Ces dernières explications, les seules qui tiennent, ne manquent pas de force apparente. Un ministère de vieux républicains, ceux qu’on appelle les républicains de gauche, et de la plus pure tradition gambettiste, se trouvait en fonctions lorsque la crise a éclaté. Mais, quelles que soient les erreurs propres de ce groupe, et que l’on voit trop bien, la faute principale est infiniment plus ancienne.

Cette faute, non morale mais politique et beaucoup moins personnelle que collective, c’est la droite républicaine qui l’a commise, il y eut tout juste dix ans en 1905, à l’époque où la gauche en supporta le plus rude effet. C’est par cette droite républicaine, et par elle seule, que nous avons été égarés dès 1895 dans la direction des impasses ou des abîmes. La cruelle aventure de Tanger demeure un phénomène incompréhensible dès que l’on oublie notre histoire intérieure aux temps de la grande victoire des républicains modérés, les élections de 1893, les présidences de Casimir-Périer et de Félix Faure. Ôtez cette victoire et la qualité des vainqueurs, ôtez les grandes espérances qu’elle conseilla, les erreurs de conduite qui ne pouvaient manquer d’en naître, et vous supprimerez par là même un mauvais engagement de principe, lequel, seul, ou à peu près seul, aura permis la série des déceptions qui nous ont été infligées du dehors, depuis le désastre de Fachoda en 1898, jusqu’à cette « humiliation sans précédent », cette « chose unique dans l’histoire » : le renversement de notre ministre des Affaires étrangères par l’ordre de Guillaume, en cette « année infâme » de 1905.

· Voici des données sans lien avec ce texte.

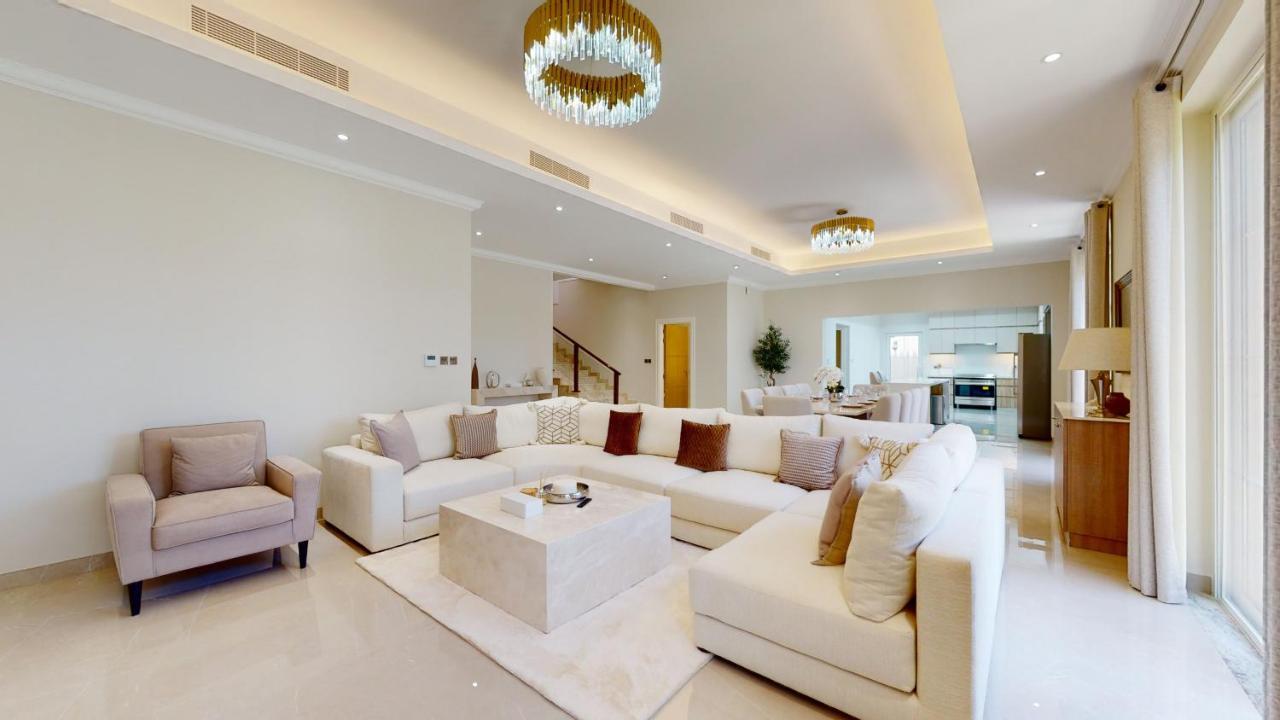 Primestay - Flame Tree Ridge 4Br Villa With Private Pool Dubai Exterior foto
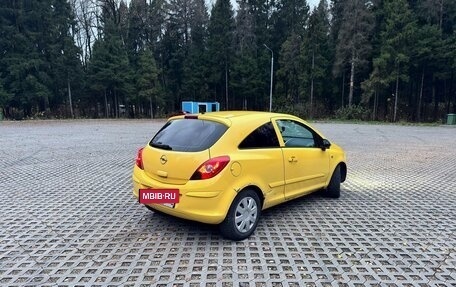 Opel Corsa D, 2007 год, 189 000 рублей, 2 фотография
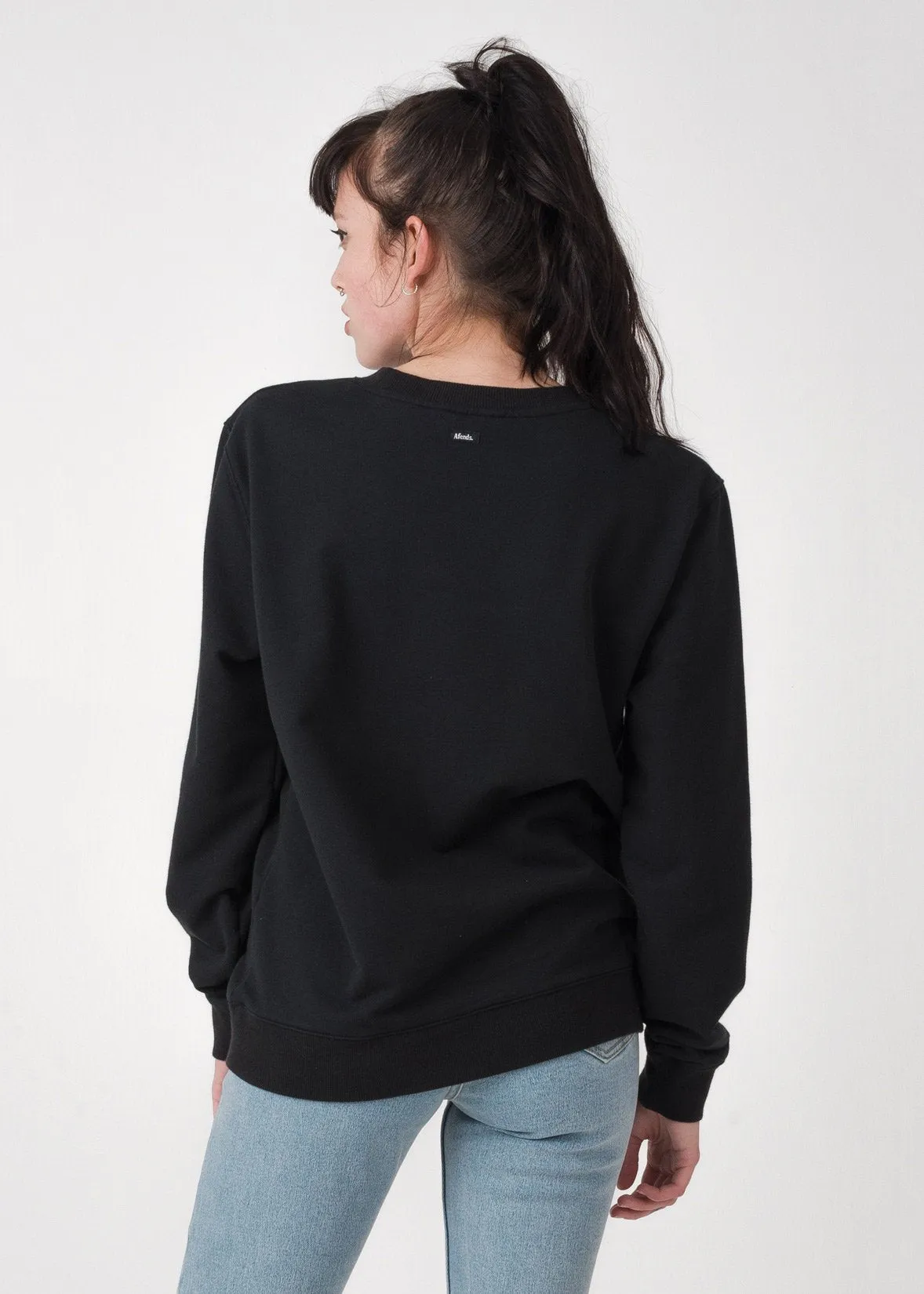 Afends Womens Halifax - Fleece Crew Neck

Un examen rapide, établissant les véritables responsabilités, n’accablera ni les hommes ni les partis. La qualité de monarchiste oblige à garder toujours présente à l’esprit cette forte maxime du comte de Paris, que « les institutions ont corrompu les hommes ». Le prince parlait des voleurs qui, de son temps, commençaient à déshonorer le Parlement. Ce sont, ici, d’honnêtes gens, ce sont des personnages de grand mérite. L’institution les a illusionnés plutôt que corrompus. On se demande seulement par quelle merveille elle aura su leur imposer une aussi grossière illusion.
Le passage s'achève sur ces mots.